Auguries of Innocence: 

The Universe Found in a Flower 

 

Hey-Kyung Ki (Director, Busan Museum of Art)

 

Bohie Kim portrays Jeju landscapes. It has been a long time since she started to travel to and from Jeju, but it was after the early 2000s that she took Jeju as her second home. Since settling down there, she began turning her eyes to the things that she comes across in her everyday life rather than making time to explore new subject matter. She rearranges things that she finds in her daily life on the canvas. Her paintings consist of the garden that she sees every day, the leaves, flowers, trees, and birds that she encounters there, the sea, Jeju landscapes that she views on the walkway, and the changes that contained in them. Involved in familiar objects which have already penetrated her life, she pays attention to the minor changes they reveal, and puts them on the canvas. They are things she sees every morning, but a flower blooms today from a bud put forth yesterday and a fruit will be borne tomorrow.

 

The exhibit title Towards is suggestive of such change. The dictionary definition of the English preposition “towards” includes “in the direction of,” indicating an orientation. Even so, this word cannot express an exact destination when used alone as it discloses its direction with the help of other words that are used with it. In this exhibition that chose Towards as the title, Bohie Kim entrusts the role of the linked word to various landscapes and plants that she has come across in Jeju.

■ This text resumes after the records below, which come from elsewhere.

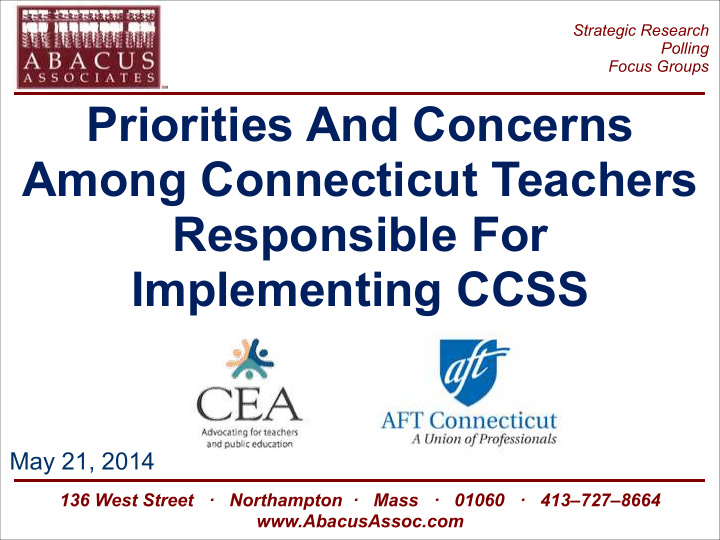 priorities and concerns among connecticut teachers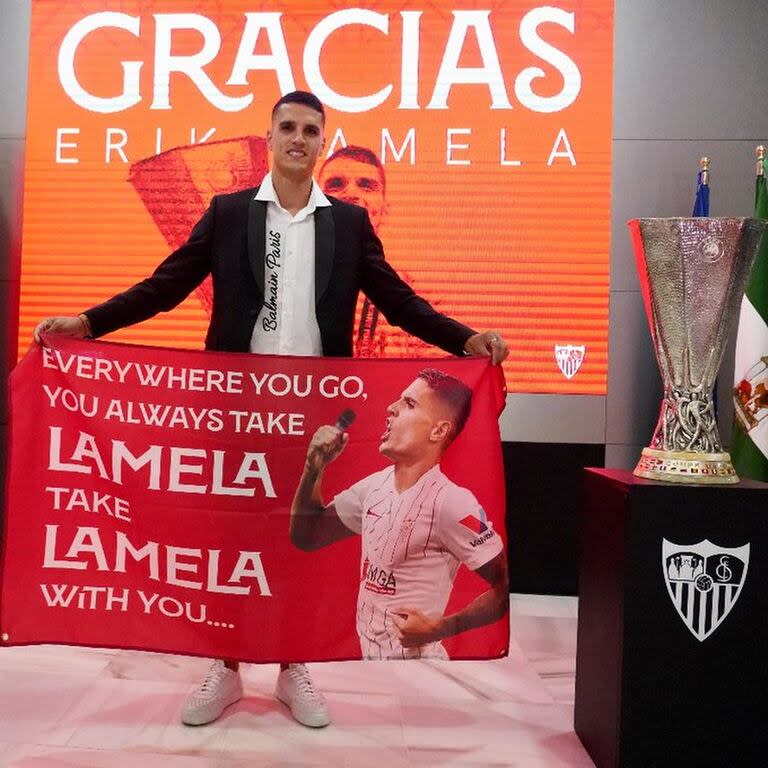 Erik Lamela, en su despedida de Sevilla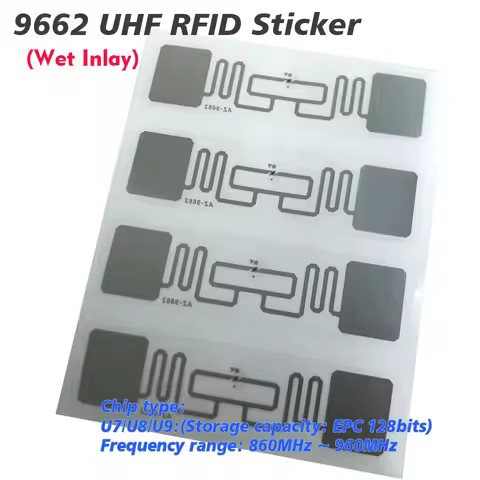 50/100Pc 9662 UHF RFID Sticker RFID UHF Tags Sticker 860-960MHz Long Range U8/U9 Lable Adhesive for 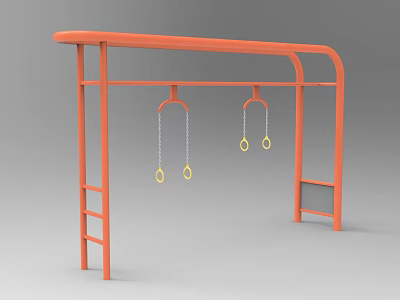 Orange Outdoor Fitness Frame With Hanging Rings And Ladder For Sports Training 3d model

The landscapes and plants she has encountered in her everyday life in Jeju allow Kim’s works to describe time and changes over time. They serve as a momentum to unveil temporal, weather, and natural changes in detail. Of course, temporality in her previous landscapes was more or less disclosed by mountains and fields around dawn when mist rises, or at sunset when the world is blazing red. However since her life in Jeju, Kim’s works have been particularly marked by objects drawn to the foreground of her scene, the changes caused by them, and time condensed within them.

 

Similar to the Impressionist paintings, changes in subject matter stemming from the concentration of moisture in the air, light intensity, and their differences can be discovered in her works such as Over the Trees—A Summer High Noon, Over the Trees—An Autumn High Noon, Jungmoon Street 201904, and other pieces featuring spring, summer and fall in Jungmoon. These paintings showcase differences of light as perceived by her eyes at a certain moment and the temporality brought on by this. And yet, her distinctive painting method pertaining to time is more vividly revealed in her works that highlight the passage of time and the changes caused by it. 

 

Created by putting 27 canvases together, The Days is a work that suggests her own unique concept of time, and the change provoked by it. The sea at dawn is placed on the left while a night sky is arranged in the upper right-hand corner of the canvas. Flowers and fruits depicted in this painting are those which cannot bloom in the same season in reality. This means that this work includes and implies time of one day, and furthermore, the cycle of a plant. Although it deals with the nature of reality, the world in this work that she executed over the course of two years, is a world created by the artist and an imaginary landscape rather than a natural being. This work began from an object found in reality but was reborn as scenery we cannot find in real life. 

 

Her way of portraying nature in The Days is implicative of the cycles of nature and time and is apparently different from her previous way of forging landscapes. A Bohie Kim-style landscape she completed around 2000 featured an object as seen from the standpoint of Oriental painting. Viewpoints of Oriental painting that were conceived to enable viewers to enjoy landscapes give shape to the way of looking up, looking down obliquely, and looking afar that people often take when facing the mountain. Unlike the one-point perspective pursued by Western art since the Renaissance, the viewpoint of Oriental painting causes viewers to visually travel around a landscape. Having majored in Oriental painting, she has completed the paragon of Bohie Kim-style landscape painting by making full use of the perspective of looking afar. By placing the landscape that viewed from a higher place or a little farther in the middle distance and the distant view of the canvas, her painting arouses a lyrical atmosphere with the subdued mountain edge and the flow of tranquil water. The meandering stream of a river flowing around a mountain forms a panoramic view on many of the canvases that are connected together, allowing us to view nature as a haven to which we must return.

 

The Days is a work in which she shifts her gaze to things up close, departing from the way of looking afar that was demonstrated in her previous landscapes. If her previous works can be described as utilizing the middle distance and distant view in order to capture the landscapes she viewed and observed, her newer works can be described as drawing objects close to the foreground in order to feature the plants she sees every day in Jeju. With this, the objects transform into things that should be observed up close, and the artist spends her time observing them. As a result, if her previous works alludes to the existence of mountain and forest by controlling the density of ink, the plants and trees in The Days are portrayed as vital beings with specific volume, weight and shade. This is conducted through observing them over time. Green stems and leaves freshly holding water, flower stalks embracing flowers, and trees bearing flowers and fruit reveal their own primal life force through variations of green. Plants brought to her canvas through close observation and minute description are invested with splendid vitality. Greenness emitted by these trees, grass, and flowers is a sign of aliveness and animation. 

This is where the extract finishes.